Porsche Tennis Grand Prix: CoCo Vandeweghe on the way to the spring hit?

Tennis

Porsche Tennis Grand Prix: CoCo Vandeweghe on the way to the spring hit?

CoCo Vandeweghe surprisingly reaches the semi-finals of the Porsche Tennis Grand Prix in Stuttgart – and has fun with the audience.

By Florian Goosmann from Stuttgart

The mediocre European musician, who experienced the 90s, immediately thinks of “CoCo”… “Jamboo”. “Coco Jamboo”, the lyrically quite meaningless cult hit of the Eurodance trio Mr. President, stands for summer, sun, beach and sand feeling, and if you now have it right in your head… you’re welcome.

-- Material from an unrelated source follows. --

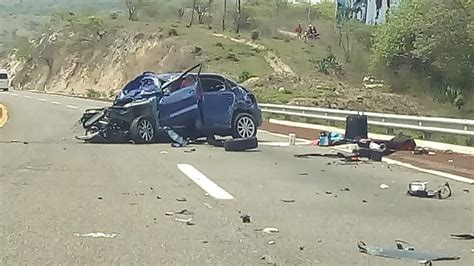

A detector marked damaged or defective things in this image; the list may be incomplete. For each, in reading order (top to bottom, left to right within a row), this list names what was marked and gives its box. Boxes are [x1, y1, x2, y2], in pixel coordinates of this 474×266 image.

blue damaged car [78, 64, 262, 143]
detached tire [130, 116, 156, 144]
detached tire [232, 112, 258, 138]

The Californian CoCo Vandeweghe may have summer, sun and beach, but not so much sand, at least not on the tennis court. Vandeweghe prefers the sledgehammer method: hard serve, smooth basic strokes, and when asked that one can be quite creative on a clay court, she replied at the beginning of the week: “I don’t think anyone uses the term’creative’ in a sentence with my name”. She didn’t even make a secret of why: “I don’t have much feeling I’m playing pretty simple. “I wish I could do more things, but they never showed me that.” She learned the praise very late, Vandeweghe went on to explain that she was still working on the stop. Your game on sand “gets better, slowly but surely”.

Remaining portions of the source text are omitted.